Vietnam's prime minister has announced he is to step down after serving two five-year terms in office.
Mr Khai's announcement is part of a long-expected reshuffle
Phan Van Khai said it was time to make way for a younger generation to lead the country, and nominated Deputy PM Nguyen Tan Dung, 56, as his successor.
He was the first Vietnamese prime minister to visit the US since the end of the Vietnam war in 1975.
The appointment is expected to be confirmed at the National Assembly meeting which began on Tuesday.
"I have asked to retire... we should let the younger generation lead," Mr Khai, who is 72, told reporters before the opening of the National Assembly, the six-week long meeting of the country's parliament.
The BBC's Bill Hayton in Hanoi says Nguyen Tan Dung is seen as an economic liberal.
In his opening address to the Assembly, Mr Dung acknowledged the country's impressive economic growth but also spoke of the country's difficulties, such as inequality.
The National Assembly is also likely to approve other changes to several top leadership positions, including the announcement of a new foreign minister and president.
Mr Khai had let it be known that he intended to give up his post at last month's Congress of Vietnam's ruling Communist party.
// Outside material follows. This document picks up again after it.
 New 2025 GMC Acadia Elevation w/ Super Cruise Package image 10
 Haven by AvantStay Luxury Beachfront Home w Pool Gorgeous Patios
The Congress responded by dropping him from the party's leading body, the politburo.
Apart from the cabinet reshuffle, the National Assembly may come under pressure to tackle several multi-million dollar corruption scandals which have rocked the Communist Party.
In particular, it is expected to report on what has become known as the "PMU 18" affair, in which some party members are accused of misusing millions of dollars of public funds on European football matches.
General-Secretary Nong Duc Manh described the accusations as a major threat to the ruling party's existence.
Mr Manh told the National Assembly the country needed to "accelerate the concerted fight against corruption, wastefulness and bureaucracy...This is the fight against one of the major dangers that do harm to our regime."
Mr Dung promised to do more to tackle corruption by improving the transparency of government and pledging to compensate people who suffer because of illegal decisions taken by officials.